Among the entries that follow, the required portion opens with the line containing "Lord Szelki z" and closes with the line containing "Cartier Sunglasses AAA (325)". Give that portion again exactly, and nothing else.

START Given entries

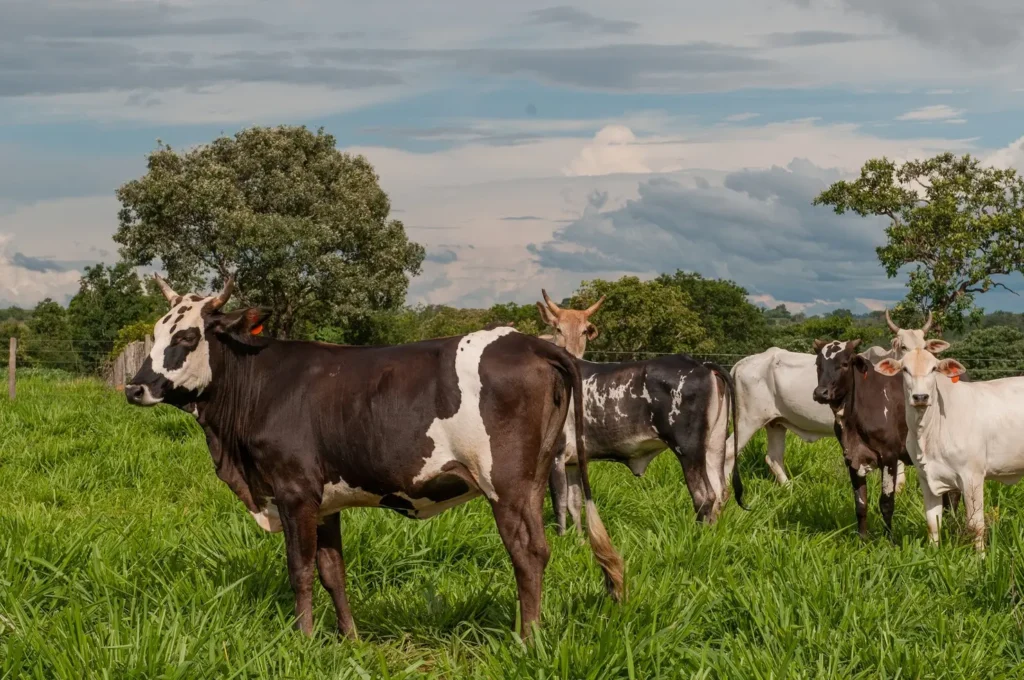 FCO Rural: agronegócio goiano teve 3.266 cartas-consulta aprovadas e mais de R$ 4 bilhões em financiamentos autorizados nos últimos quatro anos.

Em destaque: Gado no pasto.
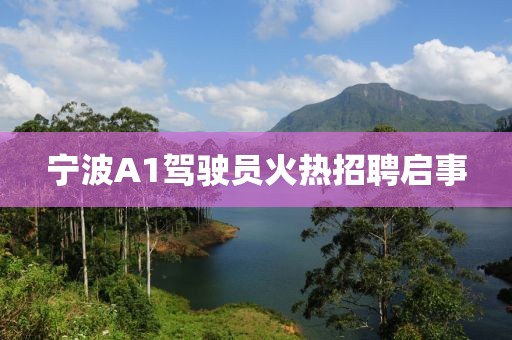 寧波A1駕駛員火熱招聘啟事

END Given entries
START Given entries

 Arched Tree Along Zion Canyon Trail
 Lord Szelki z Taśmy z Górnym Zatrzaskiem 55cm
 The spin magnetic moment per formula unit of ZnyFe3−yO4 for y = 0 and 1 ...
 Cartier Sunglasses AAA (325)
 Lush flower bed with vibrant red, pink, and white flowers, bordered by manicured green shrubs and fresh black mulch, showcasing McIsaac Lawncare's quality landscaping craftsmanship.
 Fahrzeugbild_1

END Given entries

**Solution to the problem:**
 Lord Szelki z Taśmy z Górnym Zatrzaskiem 55cm
 The spin magnetic moment per formula unit of ZnyFe3−yO4 for y = 0 and 1 ...
 Cartier Sunglasses AAA (325)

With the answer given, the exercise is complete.